Loss-making bus firm 'pauses' operations amid funding search

The concept involves aggregating demand from passengers and running services only when they are viable

 

Snap: is this innovative coach service the future of travel?

Snap, an innovative intercity bus operator, has announced a “temporary pause in operations” while talks with its backers continue.

The business model involves using spare capacity from local coach companies to run long-distance services, mainly to and from London.

Its slogan promises a trip from “A to B like a VIP” for fares as low as £5, with demand aggregated and trips operated only when there are enough passengers.

Passengers register their interest in travelling on a particular route on a specific date on their smartphones.

Since Snap began running coaches between Nottingham and London in 2016, it has carried 220,000 passengers.

At the end of service on Monday 17 June, services will stop and booked passengers will be given full refunds.

The firm’s founder and chief executive, Thomas Ableman, said he hoped operations would resume in September

Since its launch in October 2016, Snap has been financed by venture capital funding markets.

It raised additional funds in September 2017. Another investment round, which began in January 2019, has not yet closed.

While some individual routes have been “cash positive”, Snap is loss-making as a whole.

Mr Ableman said: ”This is not an unusual model for businesses such as Snap that have a central tech development overhead.”

“Despite strong support from our largest investor, we still need to close a deal with new co-investors to ensure we have sufficient growth capital for future cities.
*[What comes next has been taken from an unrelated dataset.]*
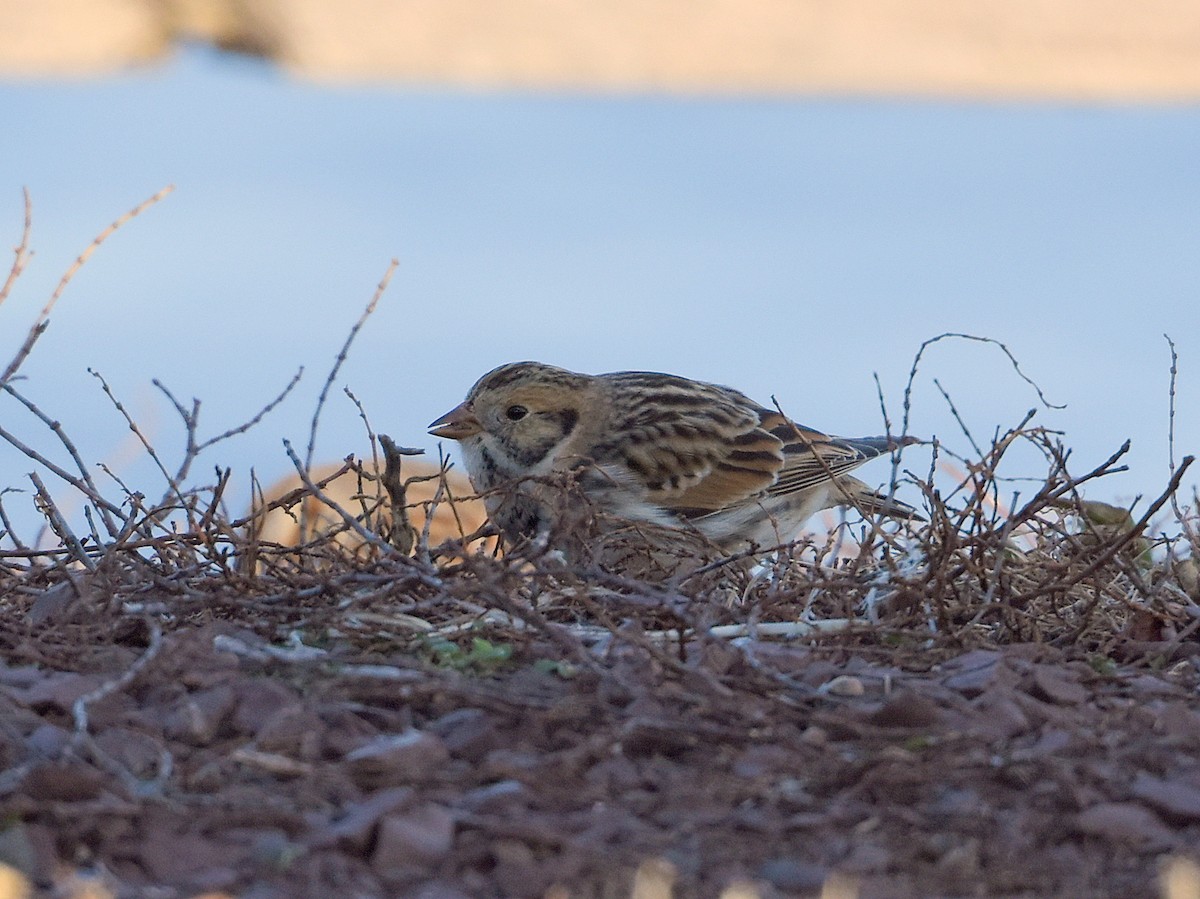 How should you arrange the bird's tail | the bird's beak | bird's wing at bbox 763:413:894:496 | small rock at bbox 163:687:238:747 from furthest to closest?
bird's wing at bbox 763:413:894:496 < the bird's beak < the bird's tail < small rock at bbox 163:687:238:747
“Many businesses at this stage would keep quiet, carry on fundraising in the background and not reveal there was a problem until they went bust. That is not the kind of company I have set out to lead.

“All our operators will receive full payment for trips run and will be offered payment equal to the profits they would have earned for future contracted trips.”

It faced competition from established coach operators, Megabus and National Express, as well as the railways.